Conta o Vagner Pitta, no Farofa Moderna, sempre atento ao que se passa aí por esse vasto Universo, a que não faltam Cecil na Terra e Ra, nosso Pai em Saturno: «Aproveitando a discografia de Trane, aqui vai o Cosmic Music, um disco póstumo com gravações divididas em duas partes. São quatro músicas, sendo que duas foram gravadas pelo grupo de Alice Coltrane em homenagem a seu marido. Nas sessões com Trane, temos um raro registro dele tocando clarinete-baixo».

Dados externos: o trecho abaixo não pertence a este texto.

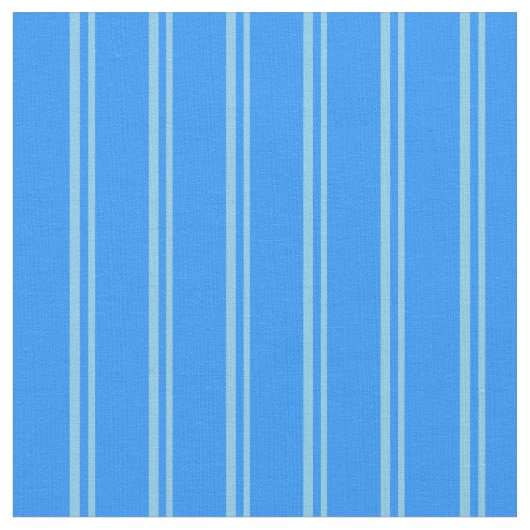 Sky Blue & Blue Striped/Lined Pattern Stof (Close Up)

Cosmic Music - John Coltrane
O trio brasileiro SÔNAX leva a sério a sua pesquisa de criação e construção de esculturas e ambientes sonoros com o propósito de intervir radicalmente sobre o espaço que se forma em ambiente triangular. Os detalhes do jogo dinâmico adquirem aqui uma importância primordial. É este encadeado de acidentes, formas e texturas que realça a sensação de movimento oscilante e descontínuo, que aviva o progressivo adensar do corpo sonoro, o aumento da pressão, logo seguida de distensão, silêncio e reagrupamento. Marco Scarassatti (Campinas, 1971), Marcelo Bomfim (São Paulo, 1977) e Nelson Pinton (Campinas, 1974) trabalham segundo o processo de improvisação e composição instantânea, versus electrónica em tempo real criada por Nelson Pinton. Wicleff Vianna toca cordas de piano no primeiro dos 11 temas (Takemitsu Garden), todos sob a direcção musical de Marco Scarassatti. Para resultado de composição electroacústica híbrida a que chega, o trio usa todo o tipo de bricolage a que pôde lançar mão, restos, resíduos, desperdícios diversos da sociedade de consumo feitos de diferentes materiais (plástico, madeira, pele, metal) postos a vibrar sob fricção, raspagem e percussão, bem como instrumentos convencionais (flautas, piano, guitarra, teclados, percussão) e manipulação electrónica em computador. Fragmentos inertes (re)criam organismos vivos, com eles compondo esculturas e ambientes sonoros como o que ilustra a capa da edição de Sônax. Estas instalações servem a possibilidade dupla, quer de fruição plástica e visual, quer de produção de som com valor musical, acrescido e refinado em directo com um módico de processamento electrónico. O trabalho do Sônax, globalmente bem equilibrado, apresenta uma poesia sonora de cores e tons suaves, que se estrutura de forma aberta e inesperada, nascida do imprevisível intercâmbio alquímico de sons novos criados por objectos antigos e por instrumentos convencionais. O que reforça a componente da interactividade audiovisual, construída em função de diferentes estádios de evolução tecnológica, da mais básica, primitiva e artesanal, ao estado da arte do desenvolvimento electrónico aplicado à criação musical. Daí o disco soar simultânea e paradoxalmente a coisa antiga e a novidade, assumindo-se assim como uma proposta de relevante valor estético, musicalmente apelativa. Gravação de 2008, realizada no Vitrola Digital Studio, em São Paulo. Edição da Creative Sources Recordings.